Evlilik ciddî bir müessesedir. Evlenmek isteyen kimselerin öncelikle resmî muamele yaptırmaları, sonra dînî nikah kıydırmaları uygun olur.

Bununla birlikte, evlenmek üzere nişanlanan kimselerin şartlarına uygun olarak yaptıkları nikah akdi de dinen geçerlidir. Bu durumdaki bir kadın, nikahlandığı kimsenin dînen eşi olduğundan, kocası kendisini boşamadıkça bir başka erkekle evlenemez.


Daha sonra nişan bozulmuş fakat erkek boşamamışsa, dinen nikah halen devam ediyor demektir.
Bu durumda yapılacak şey, bir şekilde erkeğin boşamasını sağlamak, bu yapılamadığı takdirde, hakemler kanalıyla aralarını tefrik etmektir. Böyle bir durumda erkeğin, sırf kadına zarar vermek amacıyla kadını boşamamakta ısrar etmesi dinen doğru değildir (Bakara, 2/231).

Dolayısıyla söz konusu olayda öncelikle sözü dinlenir, ilim ve fazilet sahibi bir kişi, karı-koca arasını ıslaha çalışmalı; bu mümkün olmazsa boşamamakta direnen kocaya bu tutumunun hiç bir yarar sağlamadığını, böyle bir nikaha son vermesi gerektiğini, nikahın karşı tarafa zarar vermek amacıyla kullanılamayacağını, bunun İslâm’ın ruhuna aykırı olduğunu anlatarak erkeğin boşamasını sağlamaya çalışmalıdır.
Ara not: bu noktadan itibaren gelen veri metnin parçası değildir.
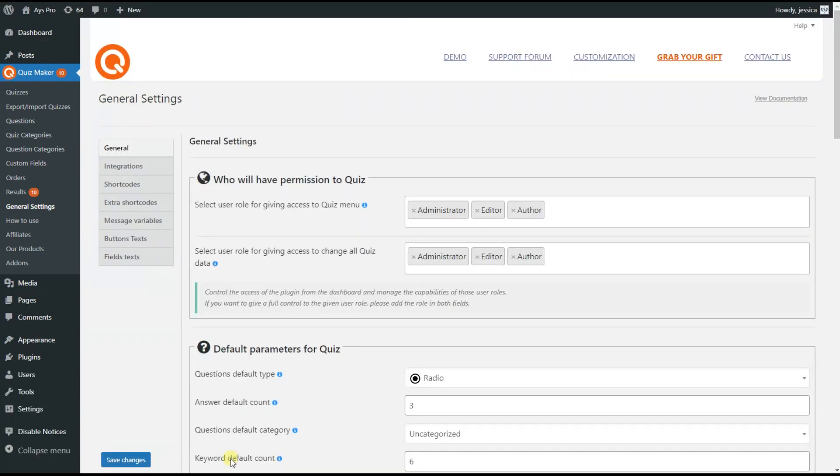By adding the user role both on the first and second fields you give access for all users with that role to all quiz data.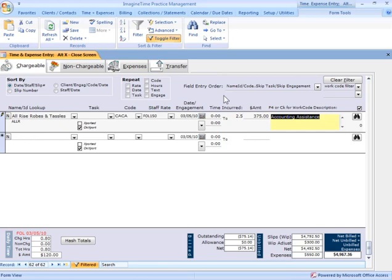Now, a couple of things about this screen. Since I'm in here as a management level person, I can see my rate and my amount information for each time entry here.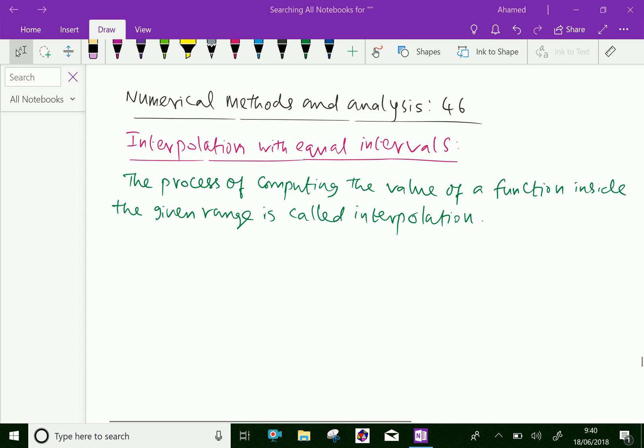The method of estimating unknown values with the help of a given set of observations is known as interpolation. Mathematically, given a set of values of function f(x) for certain values of the independent variable x, the method of finding the value of f(x) for any given value x is known as interpolation.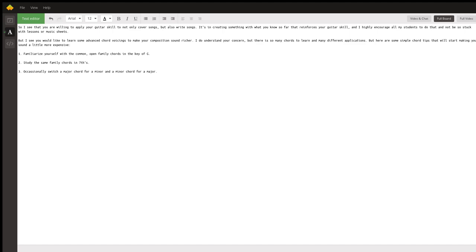You probably already know the G open chord. So the family chords of G — in the key of G, your root chord is G, then you have A minor, B minor, C, D, E minor, and then F sharp diminished, and it goes back to G.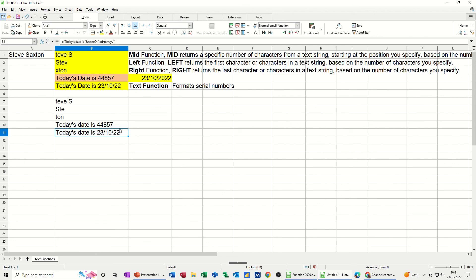So that is how you can change this, which is just a number, into a date using the TEXT function. So that's all I want to look at in this little video. Hopefully that was of use. Thank you for your time, and I'll catch you in the next one.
Buna rağmen erkek boşamamakta ısrar ederse, kadın ve erkeğin aileleri bu konuda bir sonuca varmak üzere birer hakem seçerler. Ailelerden biri direnir, hakem seçmezse karşı taraf onun yerine adil ve tarafsız bir hakem seçebilir.
Seçilen hakemler öncelikle arabuluculuk yaparlar. Lüzûm ve zarûret bulunduğunda kocanın rızası olmasa bile boşamaya da karar verebilirler.